# Orvis Access Fly Rod Review



## Shadowcast (Feb 26, 2008)

Got out with my buddy Capt. Rob Salimbene to break in his new Gheenoe poling skiff and to break in my new 9 wt. Orvis Access rod.

First the fishing.....foggy (until 5 minutes AFTER we pulled the skiff out of the water at 3:00ish)....cold....and we cast to at least 100 redfish back in the Cockroach Bay area. Of those 100...ZERO decided to eat every fly we could throw at them. We would lead them by 10 feet and wait to bump the fly when they got on it, only to have them do a 90 degree turn away from the fly. Tough day...but fun!

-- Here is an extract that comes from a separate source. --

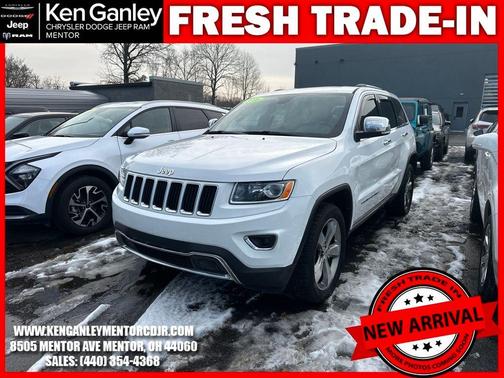 2016 Jeep Grand Cherokee Limited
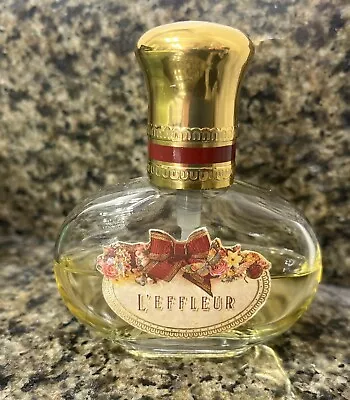 Vintage 1990’s L'effleur By Coty Cologne Spray 1.25oz Original Formula • $18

Now the rod........Orvis has hit back-to-back-to-back home runs! First with the Helios, then the Hydros, and now the Access. Great rod! I have a 9 wt. lined up with #10 Orvis Redfish Wonderline Gen3 line. Two false casts, and 50-60 feet is not hard. Plus at 3.25 ounces, it's a 9 wt. that won't wear you down.


----------



## Guest (Dec 12, 2010)

I have the same rod spooled with 9wt Airflo and it is a rocket. I had the hydros in 8 & 10 and they were awesome rods, but for almost $200 less and with the  same quality you can't go wrong with the ACCESS


----------